11.No Limitation on Rights of the Company. Subject to Sections 4.3 and 15.2 of the Plan, the grant of the Award described in this document will not in any way affect the right or power of the Company to make adjustments, reclassification or changes in its capital or business structure, or to merge, consolidate, dissolve, liquidate, sell or transfer all or any part of its business or assets.
12.Plan, Restricted Stock Units and Award Not a Contract of Employment. Neither the Plan, the Restricted Stock Units nor any other right or interest that is part of the Award reflected in this document is a contract of employment, and no terms of employment of the Employee will be affected in any way by the Plan, the Restricted Stock Units, the Award, this document or related instruments, except as specifically provided therein. Neither the establishment of the Plan nor the Award will be construed as conferring any legal rights upon the Employee for a continuation of employment, nor will it interfere with
Exhibit 10.4
the right of the Company or any Affiliate to discharge the Employee and to treat him or her without regard to the effect that treatment might have upon him or her as an Employee.
13.Employee to Have No Rights as a Stockholder. Except as provided in Section 3 above, the Employee will have no rights as a stockholder with respect to any Shares subject to the Restricted Stock Units prior to the date on which he or she is recorded as the holder of those Shares on the records of the Company.
14.Notice. Any notice or other communication required or permitted hereunder must be in writing and must be delivered personally, or sent by certified, registered or express mail, postage prepaid. Any such notice will be deemed given when so delivered personally or, if mailed, three days after the date of deposit in the United States mail, in the case of the Company to 21557 Telegraph Road, Southfield, Michigan, 48033, Attention: General Counsel and, in the case of the Employee, to the last known address of the Employee in the Company's records.
15.Governing Law. This document and the Award will be construed and enforced in accordance with, and governed by, the laws of the State of Michigan, determined without regard to its conflict of law rules.
16.Code Section 409A. Notwithstanding any other provision in this Restricted Stock Unit document, if the Employee is a "specified employee" (as such term is defined for purposes of Code Section 409A) at the time of his or her termination of employment, no amount that is subject to Code Section 409A and that becomes payable by reason of such termination of employment shall be paid to the Employee before the earlier of (i) the expiration of the six-month period measured from the date of the Employee's termination of employment, and (ii) the date of the Employee's death.

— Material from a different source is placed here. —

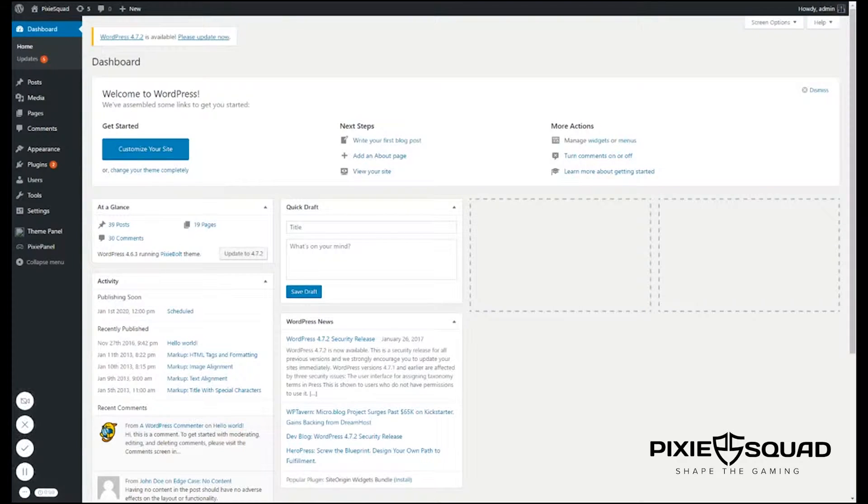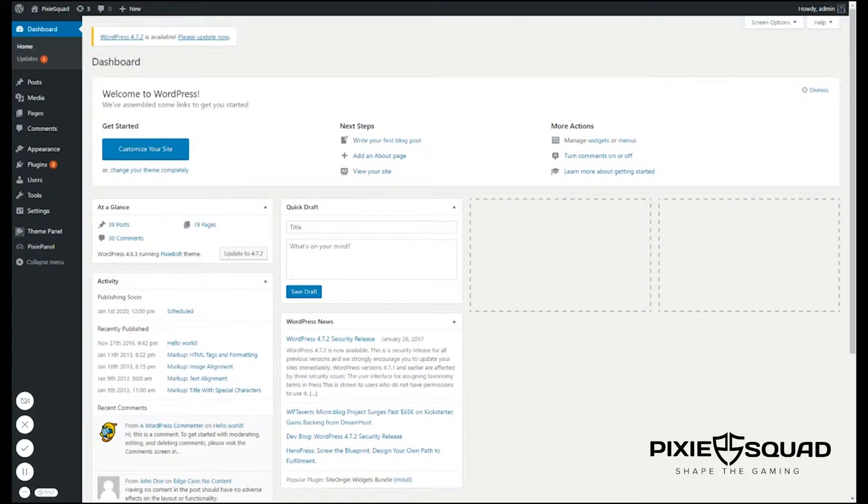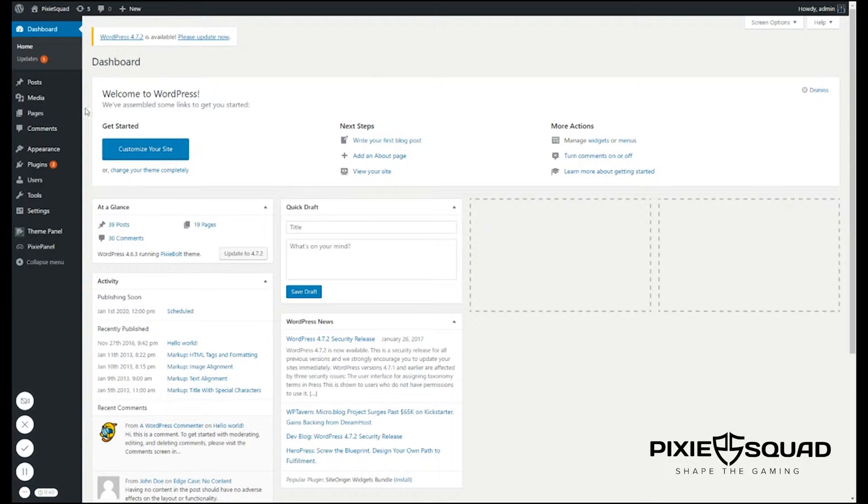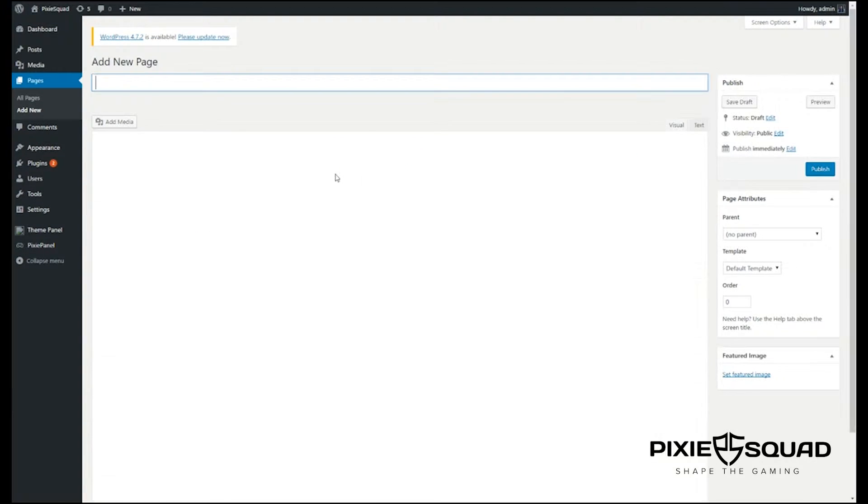Hey there, it's Philip from pixysquad.com. How's it going guys? Today I'm going to show you how to add a page template. To add the page template you need to go to pages then click add new.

17.Incentive Compensation Recoupment Policy. Notwithstanding any provision in the Plan or in this document to the contrary, the Award is subject to the Incentive Compensation Recoupment Policy established by the Company, as amended from time to time.
18.Plan Document Controls. The rights granted under this Restricted Stock Unit document are in all respects subject to the provisions of the Plan to the same extent and with the same effect as if they were set forth fully therein. If the terms of this document or the Award conflict with the terms of the Plan document, the Plan document will control.